Greene Valley Holiday Spirit: Christmas at Greene Valley is a flurry of events much to the delight of people who live there. Holiday parties and lunches were hosted by each of the homes. An array of refreshments and food were also available to family members and friends in attendance. From all observations, everyone enjoyed the fellowship and time spent with their loved ones. Cub Scout Pack 93 visited one evening and sang Christmas carols to a captive audience in several homes.
A Christmas Parade was also held one afternoon with the Tusculum Police and Fire Department, Greene County Sheriff's Office, East Tennessee Community Homes and the Chuckey Doak High School marching band participating. Freddie Owens happily led the parade as Grand Marshall.

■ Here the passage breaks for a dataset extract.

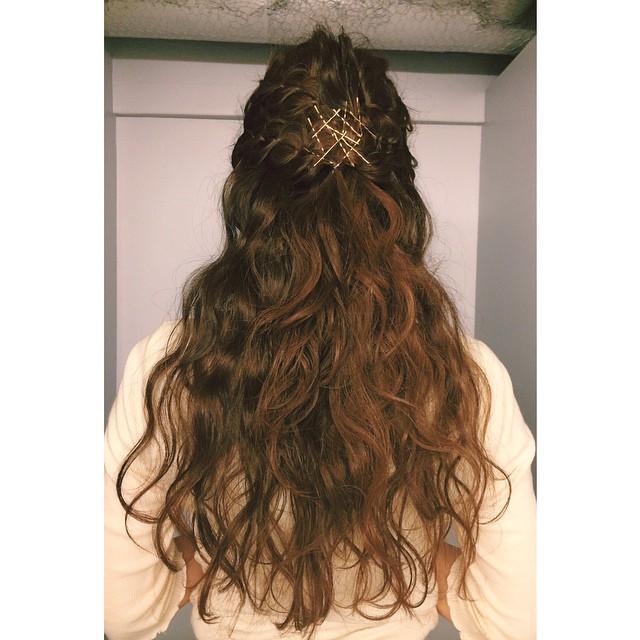 ヘアアレンジヘアスタイル  鈴木茜 くせ毛風 ゴールドピン ピンアレンジ 外国人風 マーメイドロング ロングアレンジ ミディアムアレンジ 中目黒 ハーフアップ 代官山 roma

Festivities continued as Christmas cards were swapped with the Chuckey Elementary School students and their Greene Valley pen pals. The kindergarten class was in the spirit and sent homemade ornaments to hang on Christmas trees.
The community was not forgotten this year as several Advisory Board members conducted the annual Ringing of the Bell project to collect funds for the Greene County Community Food Bank. Once again, Greene Valley employees with participation from the East Regional Human Resources and Payroll units, East Region IS unit and the Central Office ICF/IID representative, sponsored 25 foster children who are in the Greene County Department of Children's Services custody, by purchasing many items on each child's wish list. This is the 15th year of The Giving Tree project with over 797 children sponsored.